Malmstrom airmen tackle Norwegian Foot March in Helena area
Nearly 185 people signed up at Malmstrom to ruck 18.6 miles with 24 pounds, turning a base tradition into a test of endurance and mental grit.
Malmstrom Air Force Base turned a Norwegian military tradition into a local test of stamina, with Staff Sgt. Josh Wright estimating that 175 to 185 people signed up for the 2026 Norwegian Foot March. Participants took on an 18.6-mile ruck carrying at least 24 pounds of dry weight, a grind that put legs, shoulders and discipline to work long before the finish line.
Wright said it was the third time the march had been held at Malmstrom. He also said putting the event together required coordination across multiple squadrons and other base entities, underscoring that the challenge was as much about unit cooperation as it was about individual fitness. The route around the base was mostly flat, about 60 to 70 percent by his estimate, but the hills were steep enough to make the course punishing over the full distance.

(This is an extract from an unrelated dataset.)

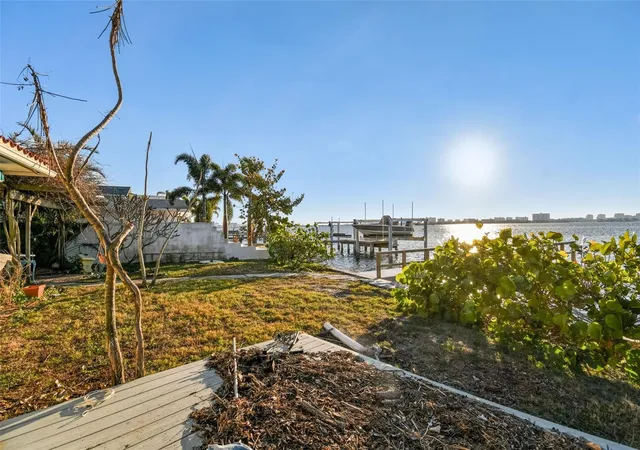 Homes for sale in Clearwater, FL | 1836 Venetian Point Dr, Clearwater, FL 33755 | MLS# TB8336324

That design is part of the point. The march is meant to test physical endurance and mental toughness, and airmen who entered knew that pace, posture and persistence would matter as much as strength. Wright said the best preparation was simple: get used to carrying the weight and prepare the feet, joints, shoulders and back for the strain. For some participants, the goal was to finish inside the official time standard and earn the Norwegian Foot March badge. For others, simply reaching the end was the win.

The event carries official weight well beyond Malmstrom. The Norwegian Armed Forces say the foot march began in 1915 as a military endurance test for soldiers in the Norwegian Army. Today, the 30-kilometer route still requires an 11-kilogram rucksack, and time standards vary by age and gender. The march is sanctioned through the Norwegian Embassy and tied to formal guidance from the Royal Norwegian Embassy Office of the Defence Attaché, giving it a direct link to an allied military tradition that still has relevance inside the U.S. Air Force.
Malmstrom’s 2025 coverage described the march as a way for airmen to earn the official Norwegian Armed Forces skill badge while demonstrating physical endurance, mental resilience and allied military tradition. Wright-Patterson Air Force Base reported about 335 military members, veterans and dependents in its 2026 march, showing that the event has broadened across the force. In Great Falls and across Lewis and Clark County, the Malmstrom version offers a clear look at what the base asks of its people: readiness, resilience and a culture built around finishing the hard thing together.